Even within the limit, idle connections are not free. A typical idle backend holds 5-10MB of RAM. With 200 idle connections, that is 1-2GB of RAM doing nothing. With 1000, you are out of memory. The Postgres team's official guidance is roughly "do not have more connections than (number of CPU cores) * 2 to 4", because each backend competes for shared resources (the shared buffer pool, lock manager, autovacuum). A 4-core box with 50+ active connections is thrashing.

Most app servers want one connection per request, scaled to the request concurrency. A Node service with 100 concurrent requests wants 100 connections. Run 10 instances and you want 1000. 1000 connections to a Postgres tuned for 100 is the wall.

What a connection pool actually does

A connection pool sits between your app and Postgres, holding a fixed set of long-lived connections to the database and handing them out to clients on demand. The math changes:

Without pool:
  10 app instances * 100 concurrent requests = 1000 Postgres connections

With a transaction-mode PgBouncer in front:
  10 app instances * 100 concurrent requests = 1000 PgBouncer connections (cheap, no fork)
  PgBouncer to Postgres: configured with default_pool_size = 25
  -> 25 actual Postgres connections, shared across all clients

PgBouncer holds one connection per concurrent transaction, not per concurrent client. If your transactions take 5ms on average, 25 backend connections can serve 5000 transactions per second. The frontend can have many more clients than the backend has connections, which is the entire point.

Session, transaction, and statement pooling

PgBouncer offers three pooling modes; the difference between them is what determines correctness for your application.

Session pooling assigns a backend connection to a client for the entire duration of the client's session. Behaves identically to a direct connection. Safe for everything, but reduces the multiplexing benefit: 1000 long-lived clients still need 1000 backend connections.

Transaction pooling assigns a backend connection to a client only for the duration of a transaction. After COMMIT or ROLLBACK, the connection returns to the pool. This is the mode that gives you the throughput improvement, because most transactions are short and a single backend connection can serve many clients in a second. The cost is that any feature that depends on connection-level state breaks: SET LOCAL (well, SET LOCAL is fine because it scopes to the transaction; plain SET is not), session variables, advisory locks taken across transactions, prepared statements (the trap I will get to), and listening on LISTEN channels.

Statement pooling assigns a backend connection per statement.

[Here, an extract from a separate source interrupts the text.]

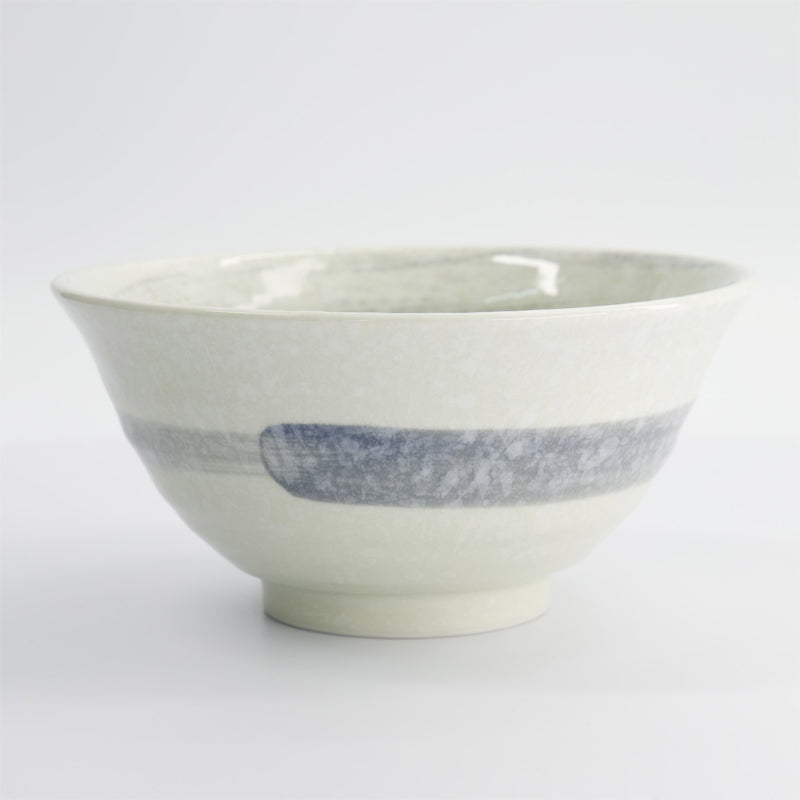 Porzellan-HAYASE Ramen-Schale von Tokyo Design, Porzellan, 
Wirbelmuster durch Hakeme-Pinsel-strich-Technik, Grau, Weiß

Even less state survives. Almost no real application can run at statement pooling because multi-statement transactions are no longer transactions. I have never recommended this in production.

Transaction pooling is what almost everyone runs at, and the rest of this article assumes it.

The Prisma trap (and other ORMs that prepare)

Most ORMs, including Prisma, use prepared statements under the hood. A prepared statement is parsed, planned, and cached on the server side, identified by a name. When you execute it later, you reference the name plus the parameters. This saves the planner work and protects against SQL injection cleanly.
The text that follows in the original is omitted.